How To Bring Compile Time Down to Zero: Our Plans and Direction (May 14th Edition)

We are excited to announce that over the course of the first half of 2024 we have been prioritizing improving compile times for torch.compile workflows. Swift iterations and efficient development cycles are very important for us and as to that end, we have been planning and executing on ways to bring compile time down to zero.

Today, I’d like to give a bit of a preview on all the work we have planned and are actively executing on. For any feature mentioned here, please use the most recent nightly PyTorch build in order to get the best experience. Please keep in mind that these strategies are still works in progress. As these features mature and are ready for production use, we will announce them broadly via the PyTorch release process.

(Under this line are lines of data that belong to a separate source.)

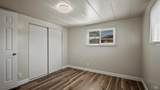 260 American Canyon Road - Photo 30
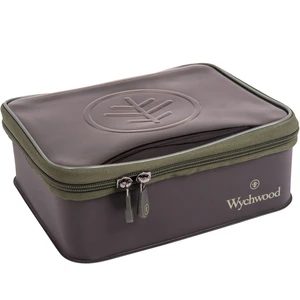 Wychwood pouzdro eva accessory bag xl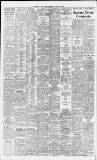 Liverpool Daily Post Tuesday 29 August 1950 Page 2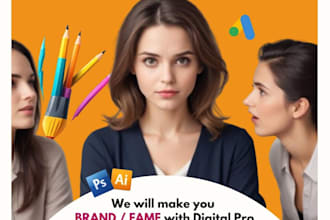 do social media reels creations
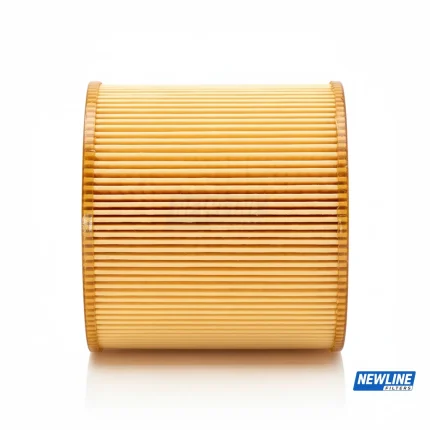NewLine Axial Seal Air Filter Elements NL-PA4758 - Replaces PA4758, Atlas Copco 1613-9001-00 - High Quality Air Filter Elements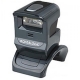 Настільний сканер штрих-коду Datalogic Gryphon I GPS 4400i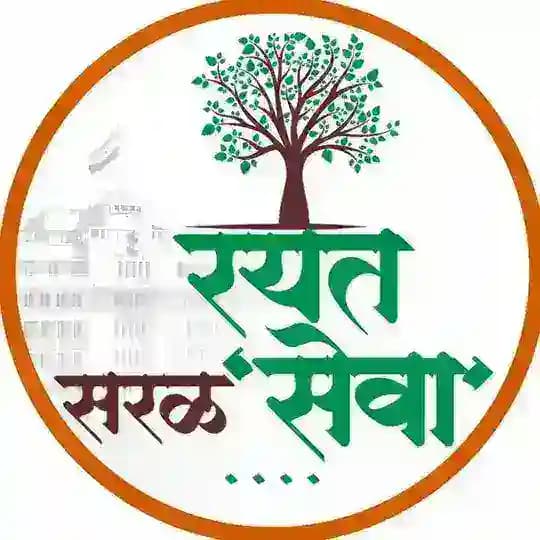 रयत सरळ "सेवा" Profile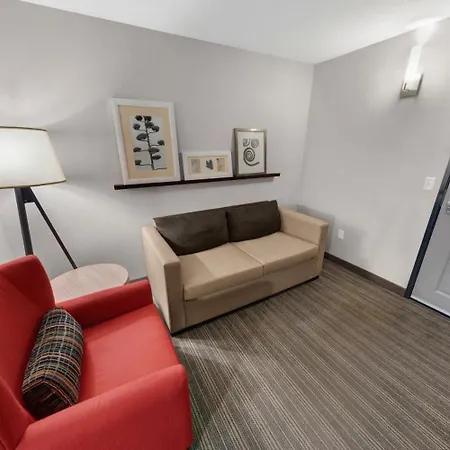 Country Inn & Suites By Radisson, Fargo, Nd-3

Let’s break down torch.compile’s compile times. There are three main parts of torch.compile: Dynamo, AOT Autograd, and Inductor. In most of our training benchmarks, we usually observe

  • Dynamo: 5-10% of compilation
  • AOT Autograd: 40-45% of compilation
  • Inductor (Code generation, autotuning, triton kernel compilation): 50% of compilation

This means that if we could cache the compilation artifacts of AOT Autograd and Inductor, we could realistically reduce warm compilation times by 90+%. This means that we can address the remaining compilation time by improving TorchDynamo’s performance by good old performance work.

To this end, here’s the roadmap for us.

Cold & Warm Start Improvements - Caching In Many Parts

Foremost, let’s identify when to expect the caching behavior. As a rule of thumb, the caching will kick in when the FX Graph provided by TorchDynamo is identical to the previous iteration. This can be verified by using TORCH_LOGS=+dynamo. If the FX Graph is modified, then the amount of caching will vary based on the particular modification.

  1. Dynamo

Around the tail end of last year, as well as the beginning of this year, we have built improvements in FakeTensor caching within the same run, and we continue to improve this strategy through this year. This cache can be enabled via TORCH_FAKE_TENSOR_DISPATCH_CACHE=1. It is already turned on by default.

Another idea we have been toying around is hierarchical compilation. Suppose there’s some looping primitive and inside this looping primitive, dynamo currently performs unrolling which results in the body of this looping primitive to be inlined and thus compiled multiple times. This also applies to nn.Modules. The goal of hierarchical compilation is to take advantage of the information from the previously compiled loop body.

  1. AOTAutograd

We’ve begun extending our work on FXGraphCache to a new caching layer in AOTAutograd. To do so, we construct a safe cache key from the set of inputs to autograd and global configurations. We’ve also refactored AOTAutograd into a set of clear pre- and post- compilation phases, which allows AOTAutograd to easily save and reconstruct the wrapped runtime callable it produces. This will allow us to avoid doing joint graph analyses, autograd, partitioning, and compilation in most warm start scenarios.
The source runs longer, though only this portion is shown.